Listed entries -
::::
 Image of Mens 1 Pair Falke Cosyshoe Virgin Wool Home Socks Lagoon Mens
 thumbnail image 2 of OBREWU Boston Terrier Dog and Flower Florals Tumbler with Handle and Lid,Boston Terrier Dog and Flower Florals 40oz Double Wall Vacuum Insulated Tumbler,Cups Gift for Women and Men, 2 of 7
::::
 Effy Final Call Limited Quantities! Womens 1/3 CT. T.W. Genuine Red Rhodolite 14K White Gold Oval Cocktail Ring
::::
Aim of the task - Retype, in the same exact form, the lines of the material above from the line holding "Image of Mens" through the line holding "thumbnail image 2".

Answer box -
 Image of Mens 1 Pair Falke Cosyshoe Virgin Wool Home Socks Lagoon Mens
 thumbnail image 2 of OBREWU Boston Terrier Dog and Flower Florals Tumbler with Handle and Lid,Boston Terrier Dog and Flower Florals 40oz Double Wall Vacuum Insulated Tumbler,Cups Gift for Women and Men, 2 of 7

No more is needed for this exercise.